§ Dataset records:
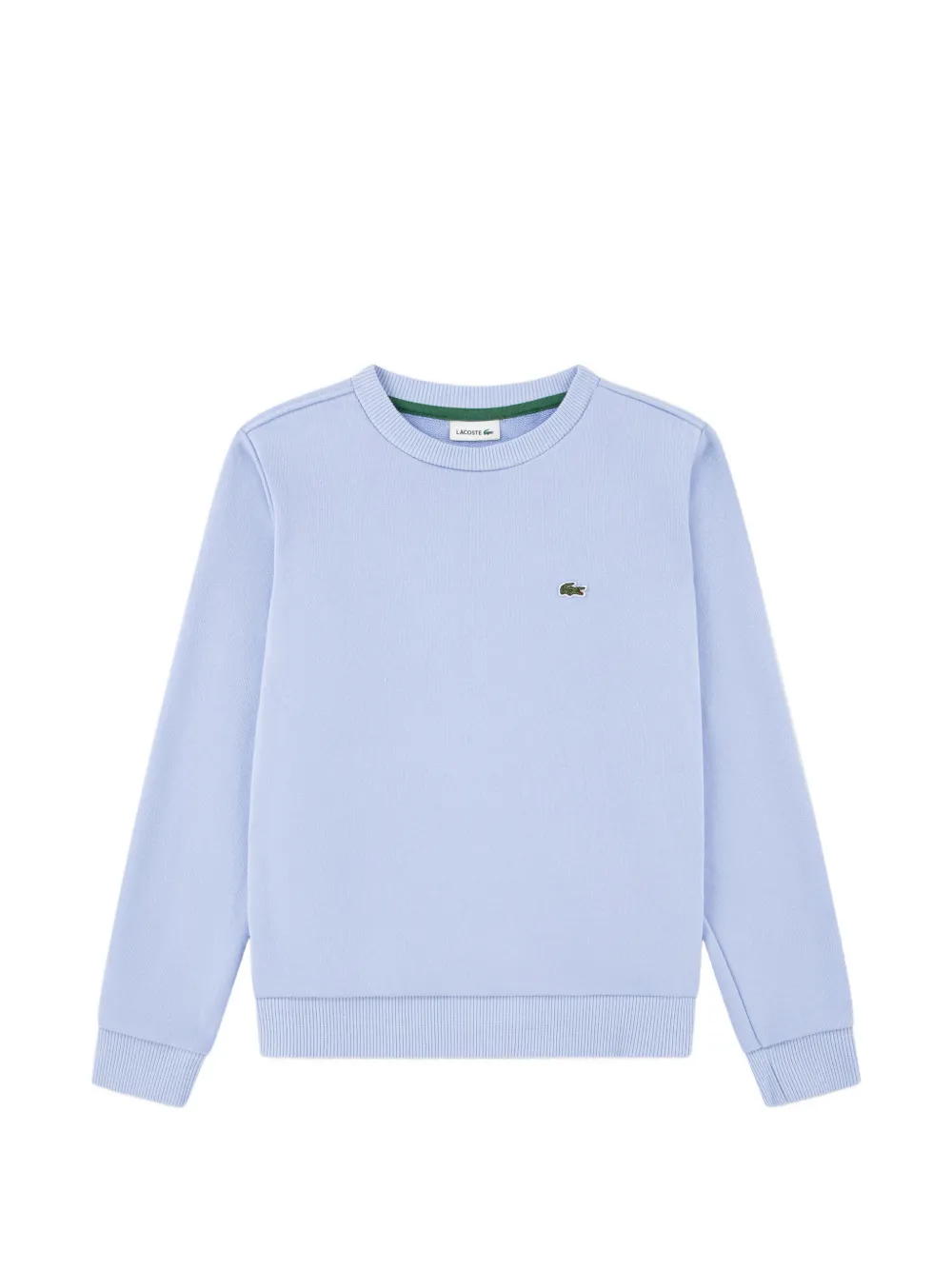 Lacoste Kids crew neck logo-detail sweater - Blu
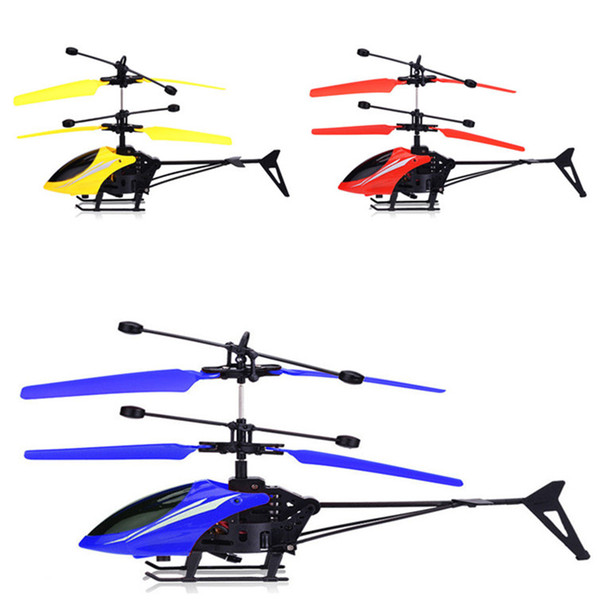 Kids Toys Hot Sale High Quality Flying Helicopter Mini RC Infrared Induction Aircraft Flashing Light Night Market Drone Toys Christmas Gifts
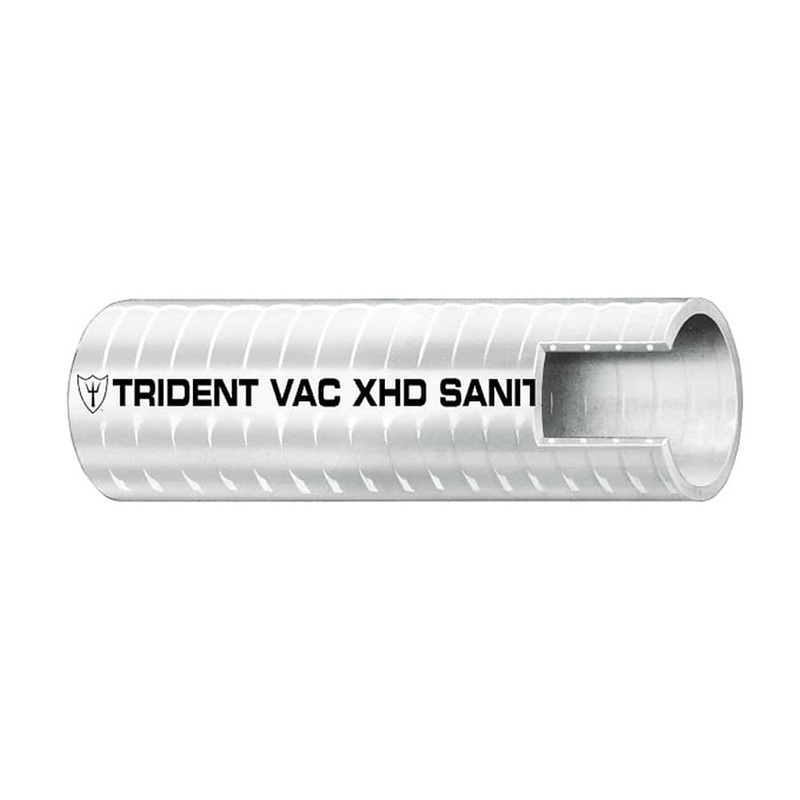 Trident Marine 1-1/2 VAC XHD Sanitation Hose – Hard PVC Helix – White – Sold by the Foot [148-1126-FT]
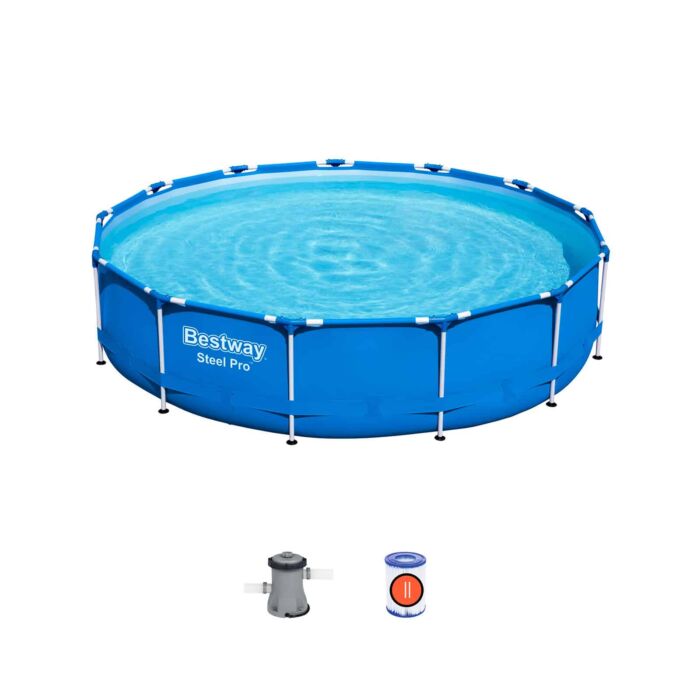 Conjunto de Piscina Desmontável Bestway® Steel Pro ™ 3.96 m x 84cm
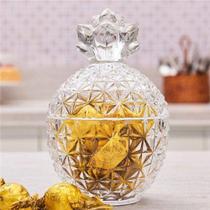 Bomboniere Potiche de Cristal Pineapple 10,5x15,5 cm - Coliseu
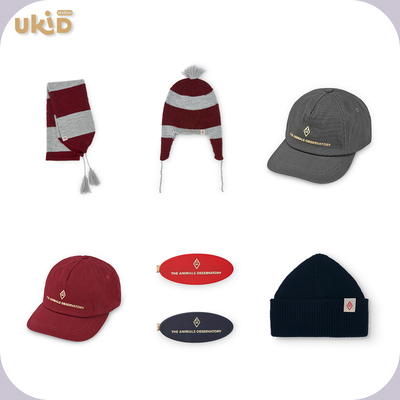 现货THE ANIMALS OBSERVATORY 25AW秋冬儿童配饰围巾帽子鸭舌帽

§ What you need to do:
Please output every record above exactly. Leave the pictures out.

§ Expected output:
 Lacoste Kids crew neck logo-detail sweater - Blu
 Kids Toys Hot Sale High Quality Flying Helicopter Mini RC Infrared Induction Aircraft Flashing Light Night Market Drone Toys Christmas Gifts
 Trident Marine 1-1/2 VAC XHD Sanitation Hose – Hard PVC Helix – White – Sold by the Foot [148-1126-FT]
 Conjunto de Piscina Desmontável Bestway® Steel Pro ™ 3.96 m x 84cm
 Bomboniere Potiche de Cristal Pineapple 10,5x15,5 cm - Coliseu
 现货THE ANIMALS OBSERVATORY 25AW秋冬儿童配饰围巾帽子鸭舌帽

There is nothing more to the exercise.